2. Materials & Methods

As shown in the conceptual framework (Figure 2), the Landsat-9 OLI (Operational Land Imagery) L1TP sensor satellite image of 2022 was downloaded from the United States Geological Survey ⁹. The month of March has been chosen in accordance with local weather conditions and the best available cloud-free satellite imagery, which is 7.17% and band resolution 30 m for spectral index analysis and thermal LST estimate. NASA processed these data to generate radiometric and atmospheric correction algorithms for the Level 1 products ¹⁰. The collected Landsat 8-9 (OLI/TIRS) data is available on the USGS website in geometrically corrected form, and therefore, no geometric correction was applied ¹¹. The land surface temperature and normalized difference vegetation index are scientifically calculated. Land use data is secondary data derived from Nepalese government agencies, Department of Survey, 2020, and is updated in 2022. Land use classifications such as other, industrial area, public services, cultural locations, and commercial area are merged and referred to as built-up areas. As a result, there are four major land surfaces: agricultural land, forests, water bodies, and built-up areas.

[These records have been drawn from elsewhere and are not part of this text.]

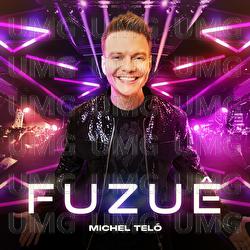 Fuzu&ecirc; - Michel Tel&oacute;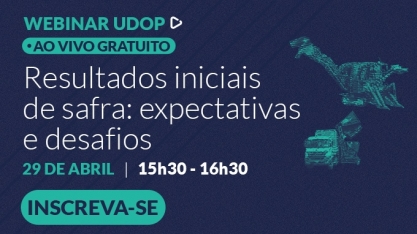 Andamento agronômico da safra de cana-de-açúcar será tema de Webinar UDOP desta 4ª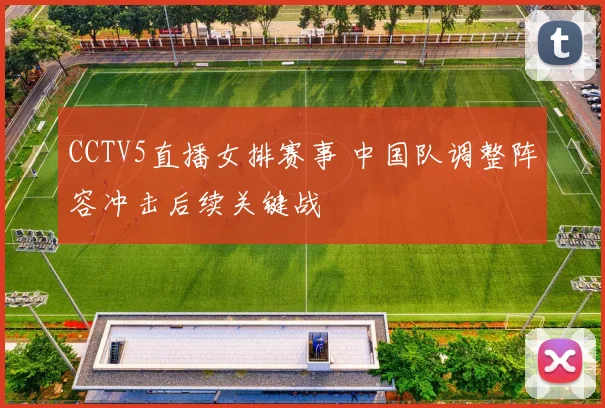 CCTV5直播女排赛事 中国队调整阵容冲击后续关键战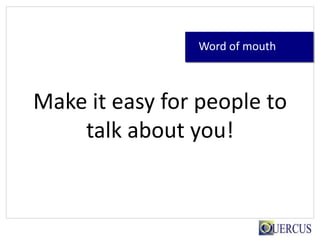 Word of mouth



Make it easy for people to
    talk about you!
 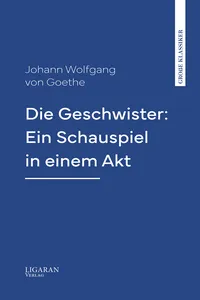 Die Geschwister: Ein Schauspiel in einem Akt_cover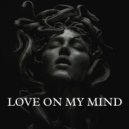 DJ Adam J - Love On My Mind ()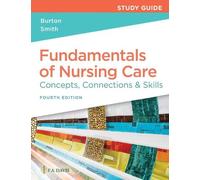 Marti Burton David Smit Study Guide for Fundamentals of Nursing Car (Tascabile)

Landsat 9 Level-1 data products, provided by the United States Geological Survey (USGS), undergo basic preprocessing steps, such as radiometric and geometric corrections to ensure data consistency and accuracy. These corrections adjust for factors such as sensor calibration, geometric distortions, and Earth's curvature ^{12, 13, 14}. Direct processing of radiance images from Landsat 9 Level-1 data may be appropriate in certain situations, like low-atmospherically sensitive applications where atmospheric effects have a lower impact on the thermal measurements.

Step 1: Radiance Image Calculation: The radiance image is calculated to get spectral radiance. These coefficients convert the raw DN values to radiance units ^{13, 15}.

Lλ = ML * Qcal + AL(1)

Step 2: Radiance Temperature Calculation: The top of the brightness temperature, an estimate of the emitting surface's temperature, is obtained by converting the spectral radiance data using the thermal constant values of the metadata file ¹⁶.

BT = K2 / In (k1 / Lλ + 1) - 273.15(2)

Step 3: The Normalized Difference Vegetation Index (NDVI) ¹⁷:

NDVI = (NIR – RED) / (NIR + RED) (3)

Step 4: Proportion of vegetation (Pv) ¹⁸:

PV = ((NDVI – NDVI min) / (NDVI max – NDVI min))² (4)

Step 5: LSE (Land Surface Emissivity) ¹⁹:

E = 0.004 * PV + 0.986 (5)

0.986 corresponds to a correction value of the equation.

Step 6: LST (Land Surface Temperature) ²⁰:

LST = BT/(1 + (λ * BT/p) * ln(E)) (6)

Where,

BT = top of atmosphere brightness temperature (°C)

H = planck’s constant = 6.626*10ʌ-34 J S

E = land surface emissivity

C = velocity of light = 2.998*10ʌ8 m/s

p = h*c/s=1.4388*10ʌ-2mK = 14388 µmK

λ = wavelength of emitted radiance (11.5 μm)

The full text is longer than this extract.